Il ragazzo con la maglia numero 16 adesso sta in Giappone dove, il marketing funziona così, si apre la nuova stagione della Mlb. A Tokyo per la precisione e qui oggi e domani si giocano le prime due partite del campionato. I Mariners contro gli A’s Oakland, tutte e due le volte perché funziona così. Le due squadre non sono state scelte a caso, perché a Seattle gioca Ideki Matsui e con gli altri Ichiro Suzuki, che in Giappone sono venerati come mezzi dei. Alex è di contorno, ma c’è. Forse giocherà in terza base, forse in prima. Ma questo per noi italiani non ha più di tanta importanza. Quello che conta è che a settembre stava sul diamante perché a fine stagione le squadre danno un po’ di spazio anche ai ragazzi che militano in Triplo A, una sorta di serie B controllata però dalle major, e questa volta invece non sta lì da abusivo.

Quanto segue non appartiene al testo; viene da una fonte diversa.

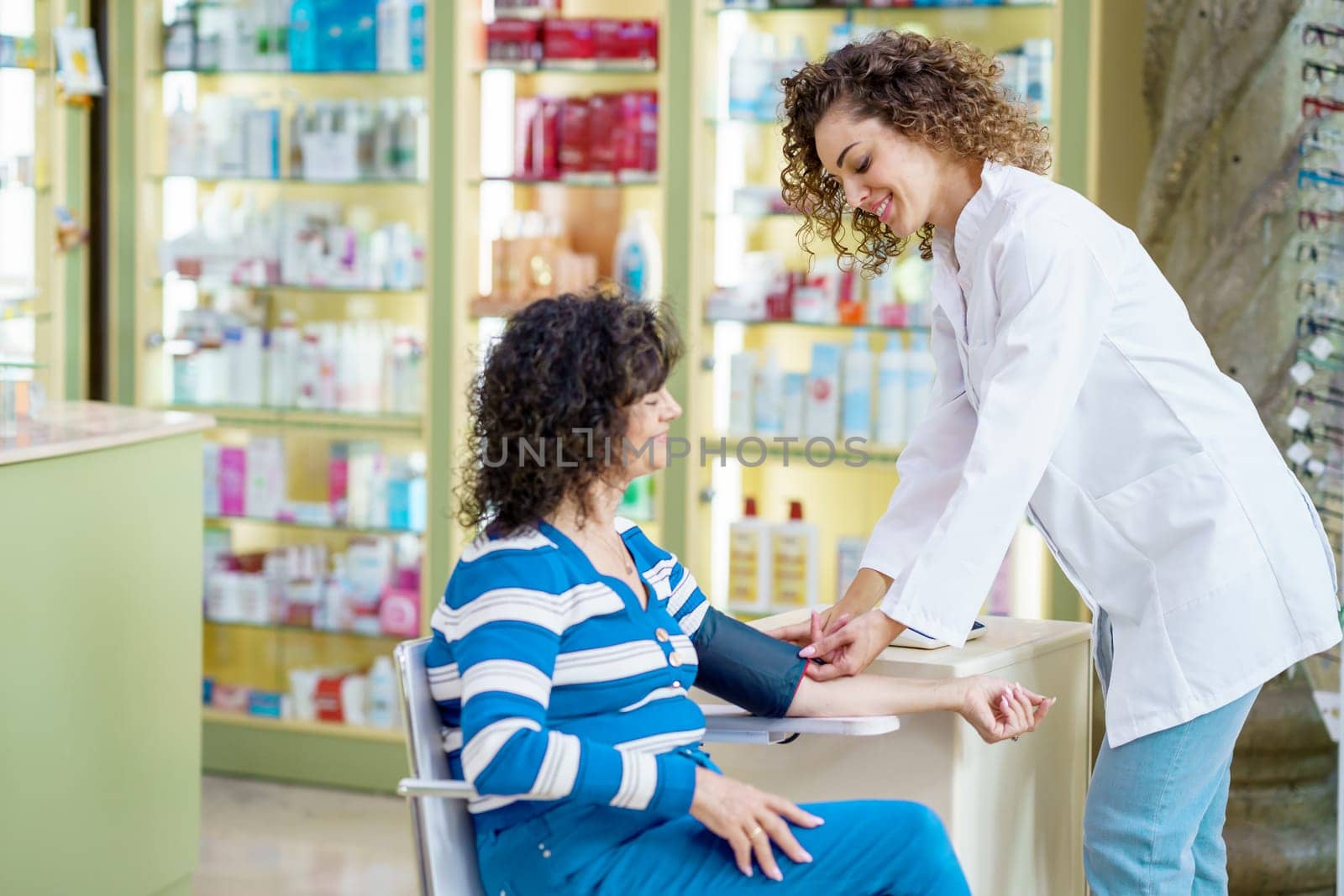 Smiling young female pharmacist in white robe, standing near sitting lady customer and looking at each other during blood pressure checking near shelves with medical supplies in pharmacy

Anche nel baseball la regola è quella delle franchigie. Nessuna promozione o retrocessione, le società gestiscono direttamente le squadre satellite. E possono prelevare o spedire giocatori durante tutto il corso del torneo. Per intenderci, alla Mlb arrivano solitamente i giocatori del Triplo A, che a sua volta attinge risorse dal Doppio A e via di questo passo fino alla base della piramide, la squadra dei Rookie, giovani ragazzini di talento che sognano di diventare grandi. Liddi è partito da qui. I Mariners lo hanno messo sotto contratto quando aveva appena 17 anni e giocava a Sanremo. Si è fatto tutta la trafila, superando selezioni durissime, di solito i migliori italiani che hanno tentato l’impresa e l’avventura si sono fermati in Doppio A. Un anno fa lui ha fatto il salto in più, quello del Terzo A, con i Tacoma Reiniers.

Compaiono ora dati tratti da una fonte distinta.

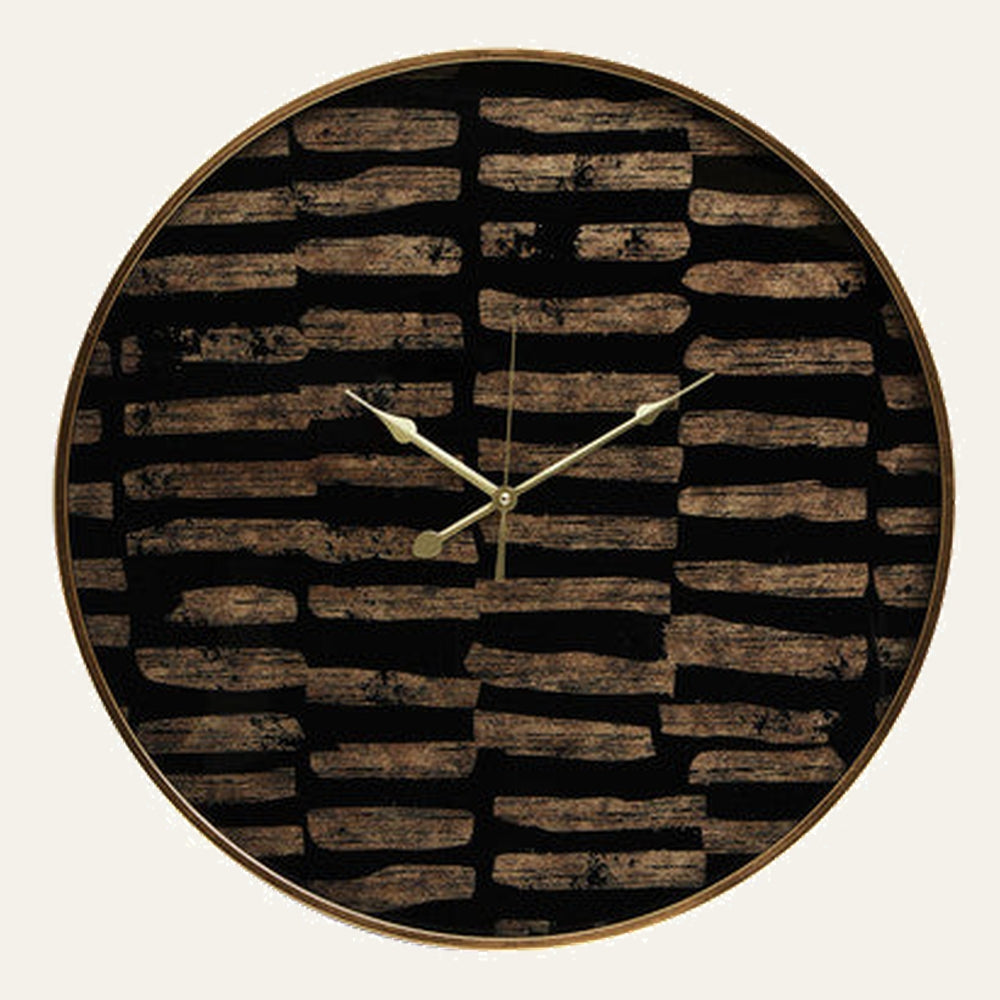 Soren Wall Clock with round gold metal frame and gold hands on a black face decorated with irregular brown wood‑like horizontal brushstroke pattern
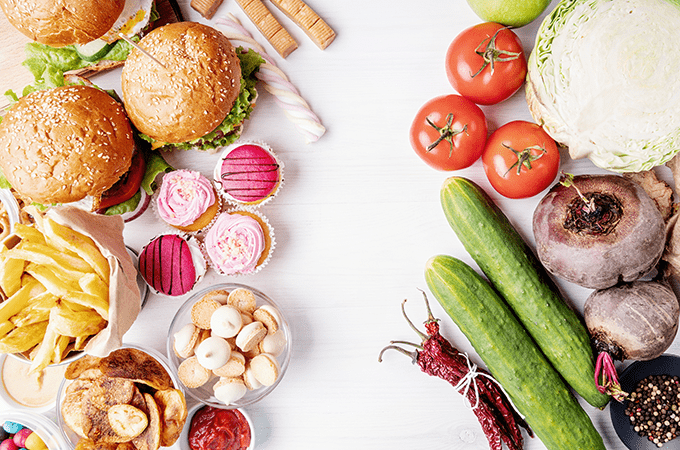 An Assortment of Burgers, Chips and Desserts Beside and Assortment of Fresh Vegetables 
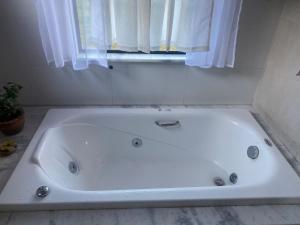 a white bath tub in a bathroom with a window at Chalé do Canto - Pé da Serra in Lima Duarte
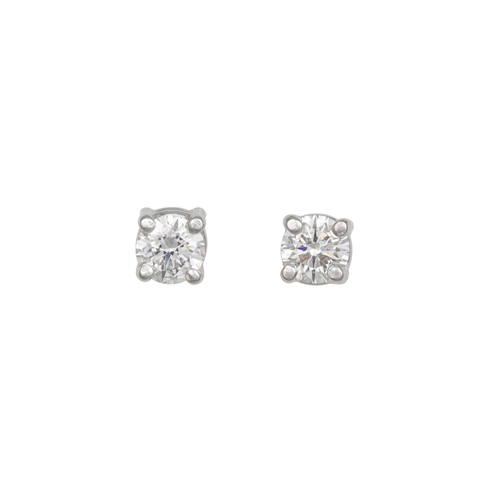 199 - A PAIR OF DIAMOND STUD EARRINGS, the brilliant cut diamonds mounted in 18ct white gold. Estimated: w... 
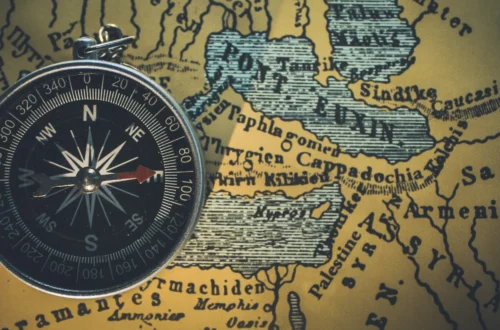 compass on an antique map of the world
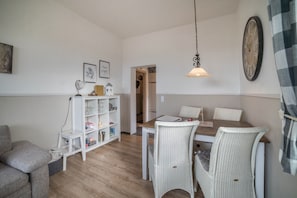 Un coin repas avec une table en bois, des chaises en osier blanches, une étagère blanche contenant divers objets et un luminaire suspendu.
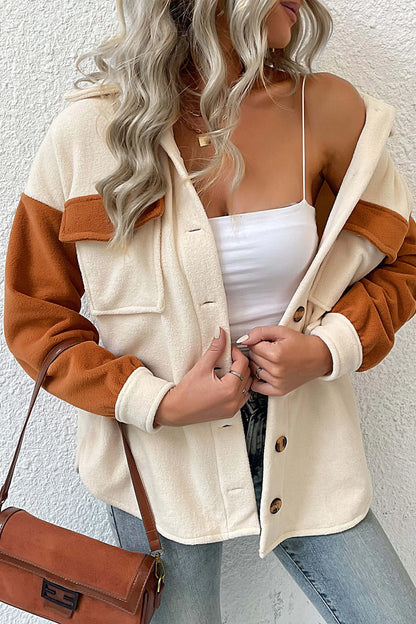 A woman wearing a relaxed fit, button-front shacket featuring a cream body with contrasting rust orange sleeves and chest pocket flaps, styled open over a white crop top and blue jeans.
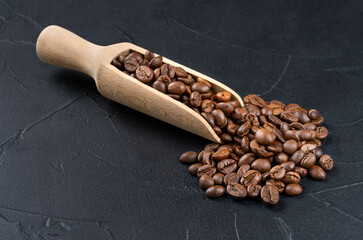 Obraz premium Loose roasted coffee beans from a wooden scoop on a dark background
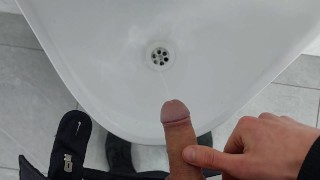 Young twink cruising up public male restroom at a local mall, hoping to catch some curious dicks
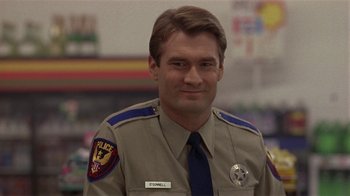 Movie still from “One False Move” (1991), directed by Carl Franklin – A man in a uniform is smiling for the camera; Close Up shot, Over the shoulder angle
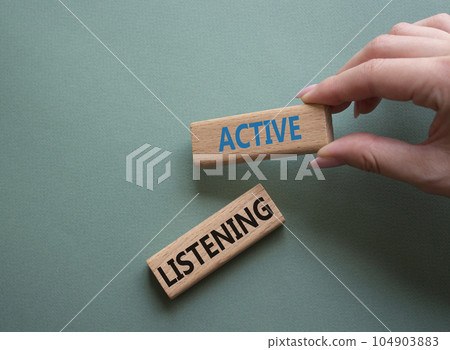 Active listening symbol. Wooden blocks with words Active listening. Businessman hand. Beautiful grey green background. Business and Active listening concept. Copy space. 104903883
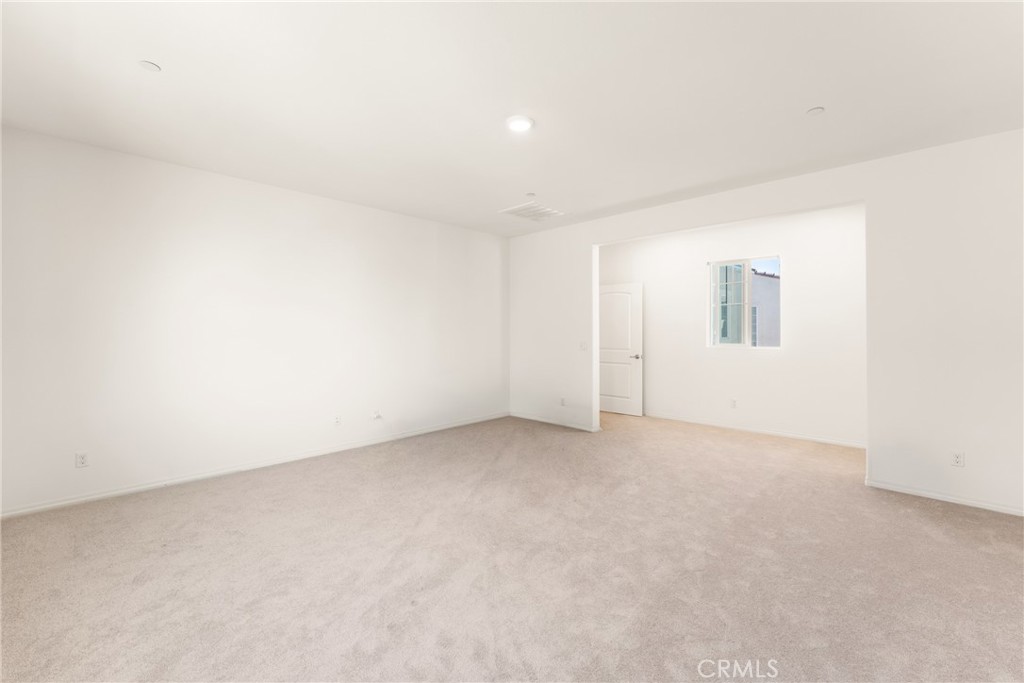 Empty carpeted room with white walls and a wide opening to an adjoining room.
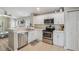 Well-lit kitchen featuring stainless steel appliances, white cabinets, and an open layout to the living room at 11708 Crest Creek Dr, Riverview, FL 33569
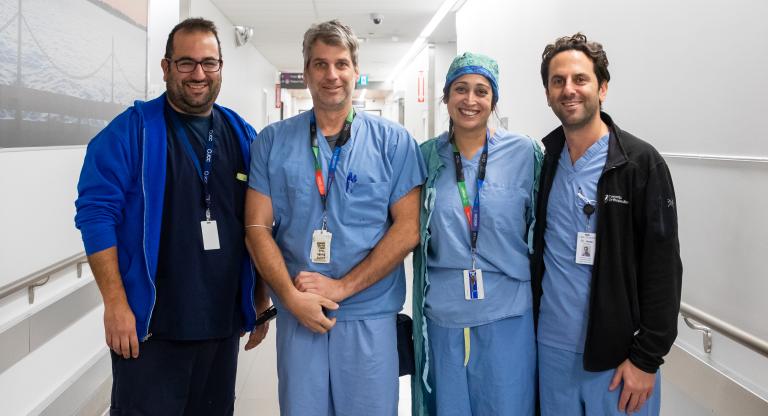 Physicians in blue scrubs in the operating room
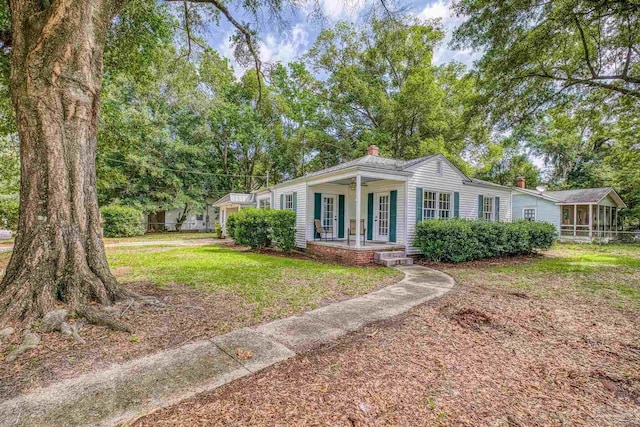 7074 Milton Ct, Milton, FL 32583 - view of front of home featuring a porch, a chimney, a front lawn, and a sunroom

Perché proprio lui ce l’ha fatta? «Non sono più forte di altri. Anzi, quando giocavo in Italia ce n’erano di più bravi. Ma ho imparato che, tecnica a parte, è la convinzione che conta per raggiungere certi risultati». La sua risposta dice molto. Liddi ha un talento naturale, ma non è tutto. La sua forza è che ci crede. Ci crede a tal punto da far dimenticare alcuni suoi difetti e qualche dubbio dei tifosi. È bravo come battitore, ma non si sa la sua altezza è degna della Major League. Mostra ancora passaggi a vuoto. Come terza base gli rimproverano di non essere abbastanza veloce. Quello che però ha in più è la flessibilità, la capacità di adattarsi e di adeguarsi in fretta al livello del campionato in cui gioca. A Tacoma 2011 ha segnato due record impressionanti. Ha battuto a casa più di 100 punti (104), performance che in tutta la storia dei Rainiers era riuscita a un solo altro giocatore (nel 1973 a Craig Kusick, che poi sarebbe passato in Mlb). E ha anche segnato più di 100 punti, per la precisione 121: nessuno ne aveva mai fatti così tanti per i Rainiers. Poi è vero che la sua media non è altissima (259, ovvero 145 battute valide su 559 turni accumulati nelle 138 partite giocate). E soprattutto troppo spesso finisce strike out, cioè eliminato dal lanciatore (170 volte).
Se qualcuno dice cosa cavolo ce ne frega del baseball magari può anche avere ragione, ma la storia di Alex Liddi ci porta dentro l’America più America. E’ qualcosa di più di quello che hanno fatto Bargnani, Gallinari o Belinelli. Perché la Major League è il luogo dove l’America si racconta e si specchia. In questo il baseball vale più del basket. Come scrive Mario Salvini sulla Gazzetta dello Sport: «E’ la letteratura, è Hemingway, Whitman, Steinbeck, Roth, De Lillo. E’ il cinema. E’ il sogno americano». Batti e corri. E difendi la tua casa.